Deuxièmement, l'initiative populaire des syndicats pour une 13e rente AVS. Troisièmement, l'initiative sur les retraites des jeunes libéraux-radicaux, qui vise à augmenter l'âge de la retraite à 66 ans pour tous, avant de l'adapter automatiquement à l'espérance de vie dans un second temps. Tout serait ainsi prêt pour le dimanche 3 mars 2024, au cours duquel les trois projets seraient présentés ensemble aux électeurs.
Initiatives en mars, référendum en juin
Seulement, le menu semble indigeste pour de nombreux stratèges politiques. Ainsi, commence déjà le marchandage sur la manière dont les propositions pourraient être scindées. Si l'on en croit la Berne fédérale, les deux initiatives sur l'AVS devraient être soumises au peuple en mars. La réforme des caisses de pension, en revanche, ne le serait qu'en juin.
Plusieurs considérations plaident en faveur de cette répartition. Dans le camp bourgeois, on craint qu'un mix AVS-LPP ne fasse capoter les trois objets. L'accent est mis sur la réforme du deuxième pilier. Le projet LPP pourrait être écrasé entre les deux initiatives AVS de la gauche et de la droite, estime-t-on.
Empêcher un scénario comme celui de la loi sur le CO2
On se souvient notamment de la votation sur la loi sur le CO2 en juin 2021, pour laquelle le soutien d'une majorité de l'électorat était attendu. Mais comme deux initiatives agricoles controversées, qui ont fortement mobilisé le camp paysan conservateur, ont été soumises aux urnes en même temps, la loi sur le CO2 a été emportée dans la tourmente du non et a échoué de justesse.
Les partisans de la LPP souhaitent éviter un tel scénario. Si la réforme des caisses de pension se fait seule, ils estiment qu'elle a plus de chances de réussir.
Ne pas tout mettre dans le même panier
«Il ne serait certainement pas mauvais que les électeurs puissent se pencher séparément une fois sur l'AVS et une fois sur la LPP, avance le conseiller national PLR Andri Silberschmidt. Si tout est mis dans le même panier et que le 1er et le 2e pilier sont mélangés, il est plus difficile d'avoir une discussion objective.»
En tant qu'ancien président des jeunes libéraux-radicaux, l'initiative sur les retraites lui tient particulièrement à cœur. «Alors que la gauche veut continuer à creuser le déficit de l'AVS de plusieurs milliards sans se soucier des générations futures, l'initiative sur les rentes permet enfin de résoudre durablement le problème du financement de l'AVS.»
«Plus vite nous voterons sur ce sujet, mieux ce sera»

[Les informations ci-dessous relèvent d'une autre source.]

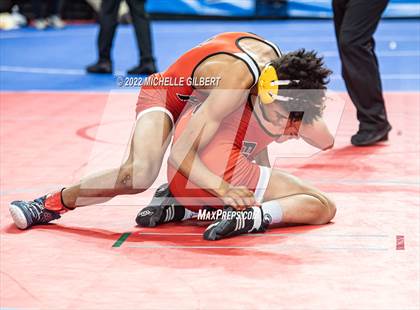 Thumbnail 2 in NYSPHSAA D2 State Championship Wrestling 3rd and 4th Place  photogallery.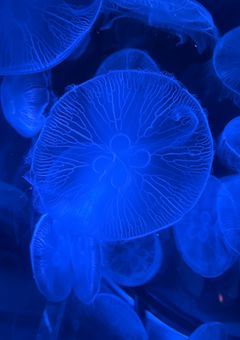 　今日 、 君に恋をしました 。 【　大阪編　】　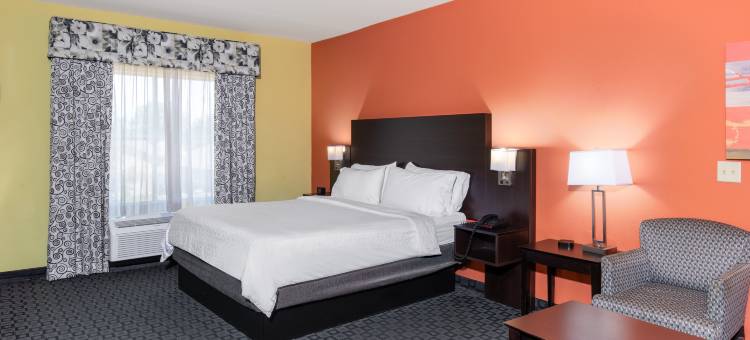 Holiday Inn 花环(Holiday Inn DALLAS - GARLAND by IHG)图片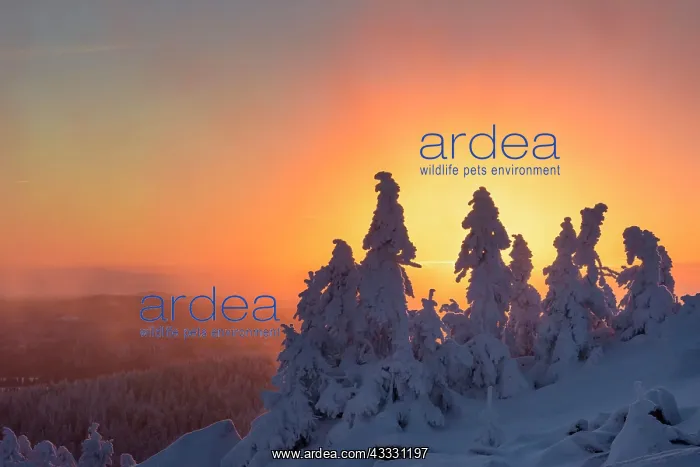  : Snowy Spruces (Picea) on the winterly snowy chunk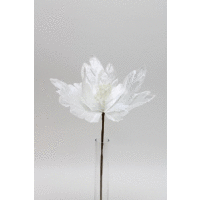 Poinsercia 38cm červená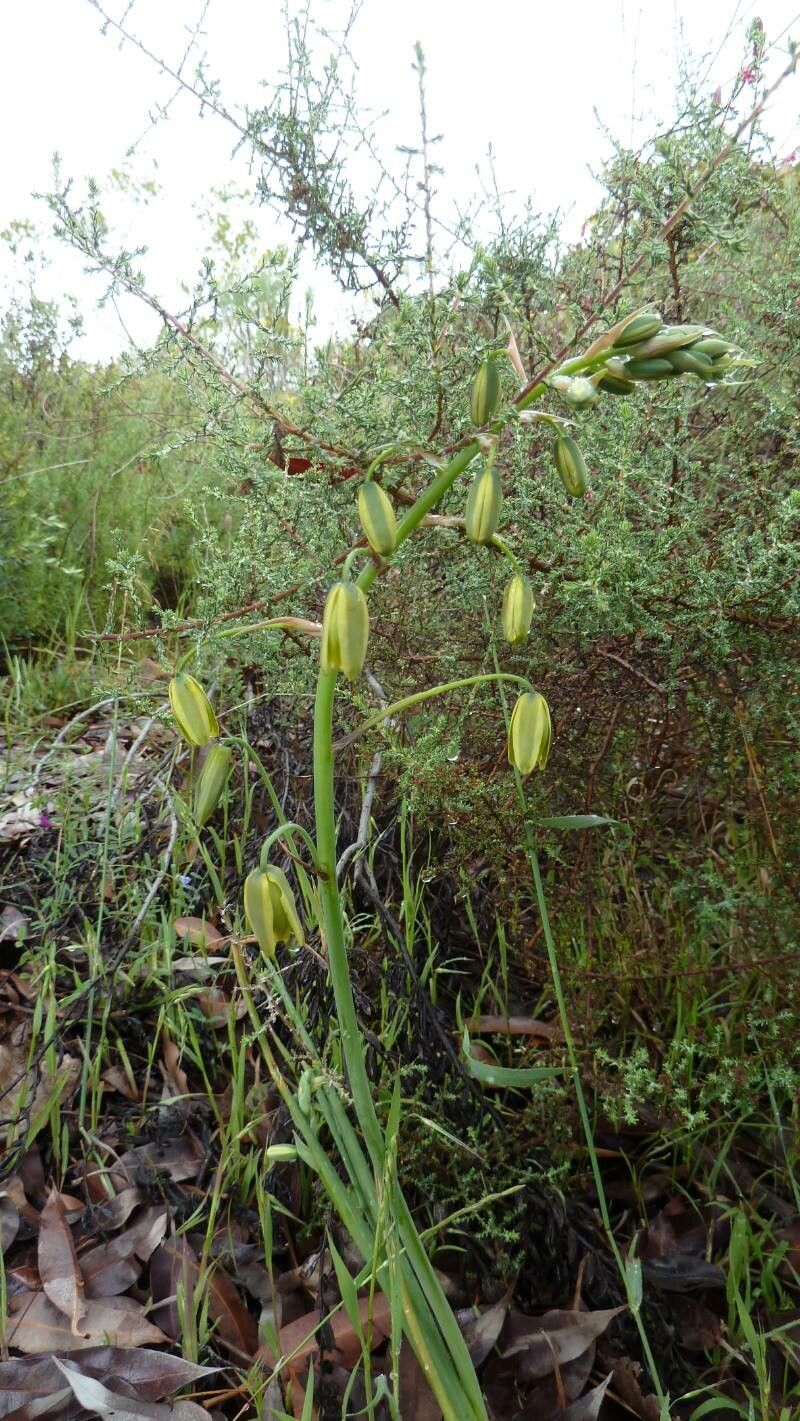 Albuca abyssinica flower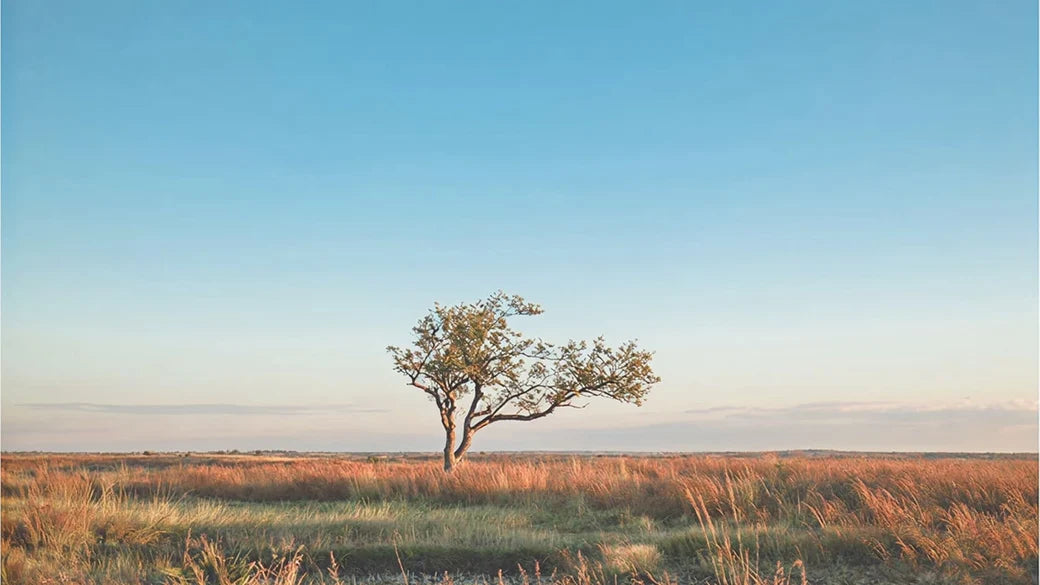 Madagascar 1GB 7 Hari eSIM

La gauche est également ouverte à un vote séparé. En effet, si seules les deux initiatives AVS sont soumises au peuple dans un premier temps, deux concepts de base s'affronteront. Faut-il verser plus d'argent à l'AVS, comme le souhaite la gauche? Ou les Suisses doivent-ils travailler plus longtemps, comme le souhaite la droite?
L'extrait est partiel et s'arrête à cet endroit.